Scientific classification
- Kingdom: Animalia
- Phylum: Arthropoda
- Clade: Pancrustacea
- Class: Insecta
- Order: Odonata
- Suborder: Zygoptera
- Superfamily: Philogangoidea
- Family: Philosinidae
- Genus: Philosina Ris, 1917

= Philosina =

Genus of damselflies

Philosina is a genus of damselflies in the family Philosinidae. The genus is found in eastern and southeastern Asia, where its species inhabit forest streams.

==Description==
Philosina species are medium-sized to large damselflies with a robust body and long, narrow wings that are held open at rest. Adults are predominantly dark in colour with contrasting yellow, red or pale markings, and mature individuals may develop a bluish pruinosity on the thorax and abdomen.

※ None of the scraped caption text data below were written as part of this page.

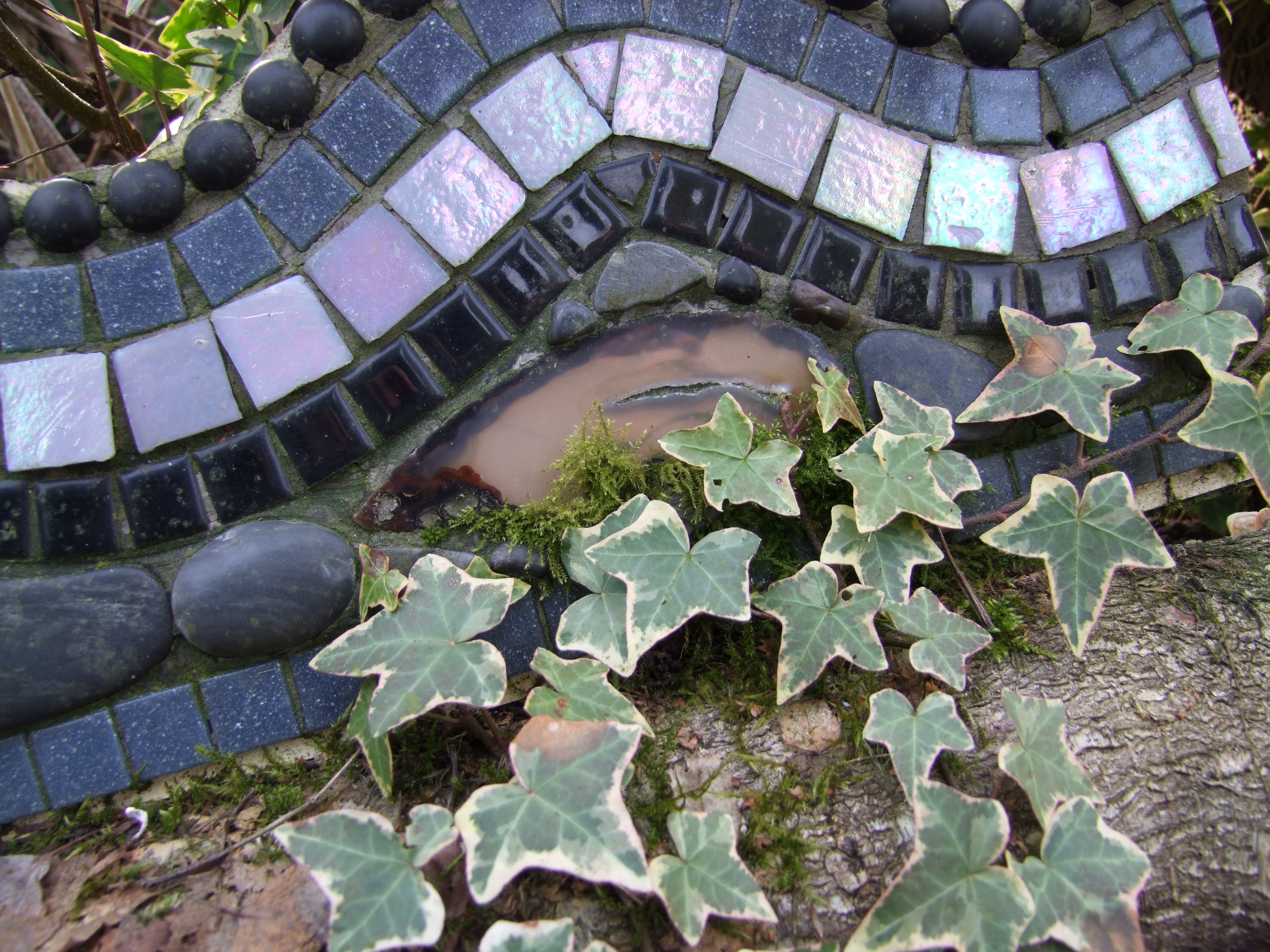 Höchste Zeit, ein Beet anzulegen – mit diesen schönen Mosaik-Einfassungen.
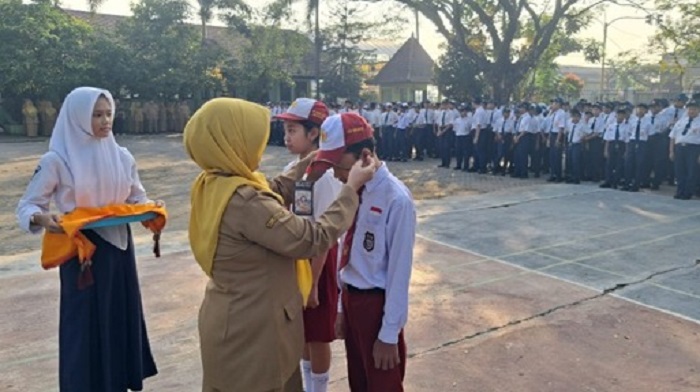 MENYENANGKAN: Pengenalan fasilitas sekolah menggunakan metode tour and guide di SMPN 1 Mojowarno, Jombang.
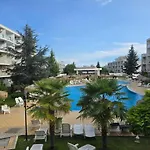 Atlantis Nikol Apartment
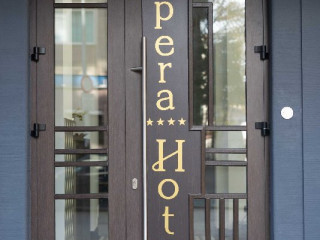 HOTEL OPERA.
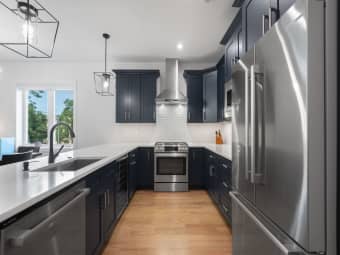 201/4441 North Ashland Avenue, Chicago, IL, 60640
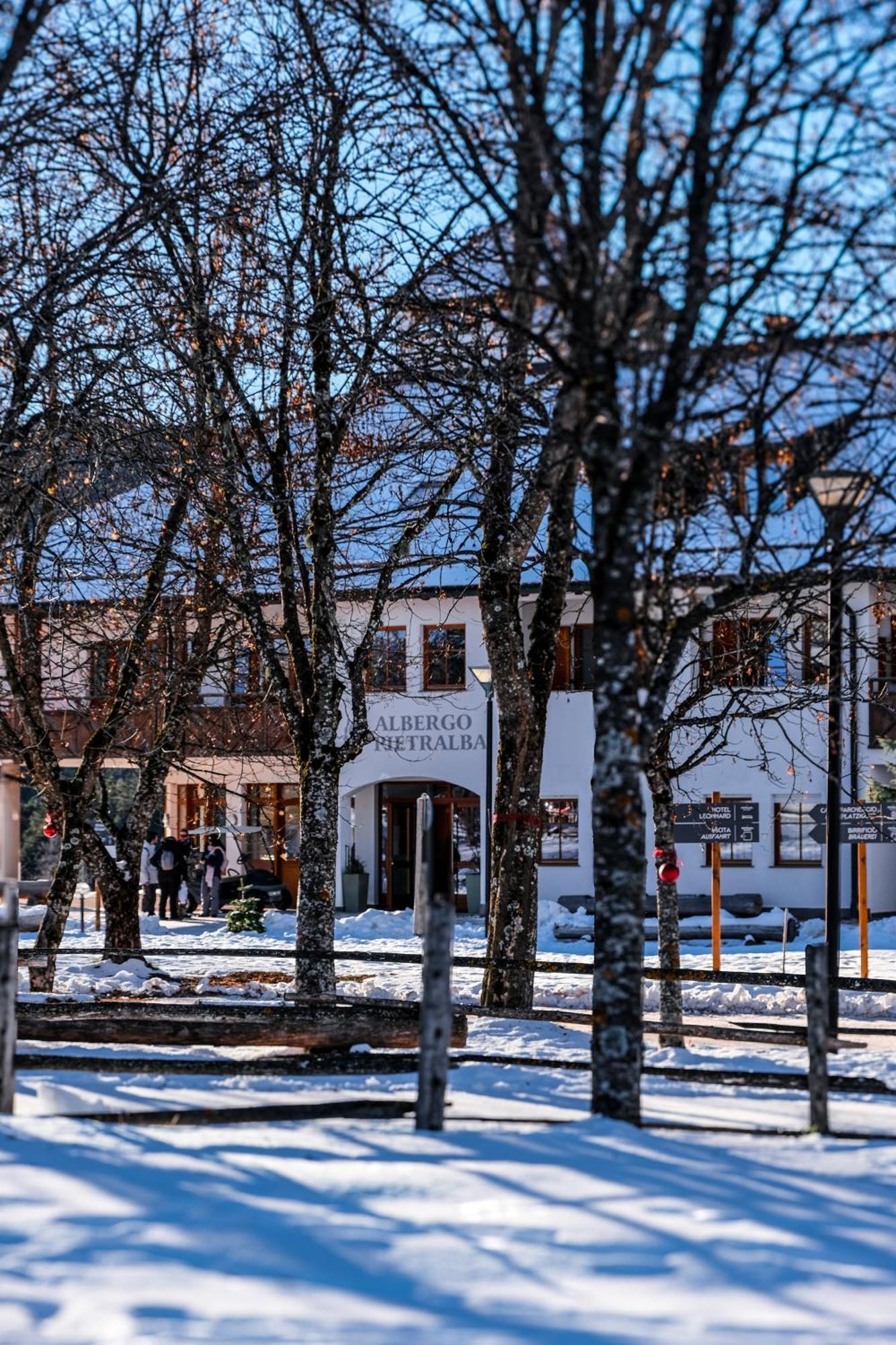 Hotel Corno Bianco Nova Ponente Kültér fotó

In his original description, Ris noted that the general appearance of Philosina resembles that of the calopterygid genus Philoganga, although the wing venation differs markedly. The wings are densely veined, with numerous intercalated veins towards their tips, and are usually clear, although P. buchi has a diffuse dark patch near the wing apex.

==Taxonomic history==
Ris established Philosina in 1917 for Philosina buchi, a species from Fujian Province in south-eastern China. He placed the genus within Selys' "Legion Podagrion", noting similarities to Philoganga, Mesopodagrion and other unusual damselflies then associated with that group.

During much of the twentieth century, Philosina was included within the broad family Megapodagrionidae. Molecular phylogenetic studies later showed that Megapodagrionidae, as traditionally defined, was not a natural group. As a result, Philosina and the related genus Rhinagrion are now placed in the family Philosinidae.

==Species==
The following species are currently placed in Philosina:

- Philosina alba
- Philosina buchi
- Philosina nigromacula

==Etymology==
Ris stated that the genus name Philosina was chosen because it recalls the related genus Philoganga, whose general appearance it resembles. The exact derivation of the name was not explained by the author.